President Trump’s goal of a revised trade relationship with China has enjoyed bipartisan support but, after more than a year of tariffs on Chinese goods, the policy has proved costly for consumers, businesses and the world economy without delivering results.

The administration overestimated the power of tariffs to achieve its objectives and underestimated the patience of China to take the long view, including its willingness to absorb pain in its national interest. The administration also ignored the history of Western nations bullying China into one-sided treaties.

The tariffs have contributed to the slowing of the Chinese economy, but as China shifted to a more consumer-oriented economy following the 2009 recession, its exports to the United States now represent only a small portion of its economy. China has not been cowed by U.S. demands, even after the latest threat of tariffs on an additional $300 billion of exports. The Chinese know that President Trump risks a consumer, business and stock market backlash if he actually imposes new tariffs.

China, in turn, has judiciously applied retaliatory tariffs on some U.S. products and simultaneously lowered tariffs on products coming from other countries.

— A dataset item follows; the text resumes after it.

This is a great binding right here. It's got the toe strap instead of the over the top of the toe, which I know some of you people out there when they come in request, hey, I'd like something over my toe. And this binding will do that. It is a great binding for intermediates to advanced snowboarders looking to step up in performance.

The strategy inflicted maximum pain on U.S. industries while minimizing the cost of tariffs to Chinese consumers. U.S. lobster exports into China, for instance, fell by 70 percent after China imposed a retaliatory 25 percent tariff, while Canada’s lobster exports to China nearly doubled as it received a tariff reduction. The U.S. allies are enjoying increased trade with China and ironically have become the winners of the trade war.

President Trump had an opportunity to declare victory when China agreed to import a trillion dollars of goods from the U.S. over the next six years and took steps to strengthen intellectual property protection. While the president has incentive to negotiate an agreement, he also may prefer to scapegoat China in a reprise of his 2016 campaign rather than defend a trade deal.

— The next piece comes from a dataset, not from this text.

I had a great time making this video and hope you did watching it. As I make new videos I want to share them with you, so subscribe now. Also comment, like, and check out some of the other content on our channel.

The hardliners in the administration have sought far-reaching changes including opening China’s markets, eliminating government subsidies to domestic industries, baking provisions of the trade agreement into Chinese law and keeping tariffs in place even after an agreement to assure compliance. China has thus far rebuffed these demands, which it felt challenged its autonomy and threatened its economy. These demands confirmed for the Chinese their view that the real U.S. goal is not a trade agreement but slowing China’s rise to prevent it from becoming a rival to the U.S.

China possesses a large, attractive and fast-growing market, which gives it significant leverage in a trade war. Changing China’s fundamental way of developing its country will be difficult until its industries are more mature and more cooperative pressure can be applied by a coalition of its trading partners. But the U.S. has alienated its allies and retreated from leading such a coalition.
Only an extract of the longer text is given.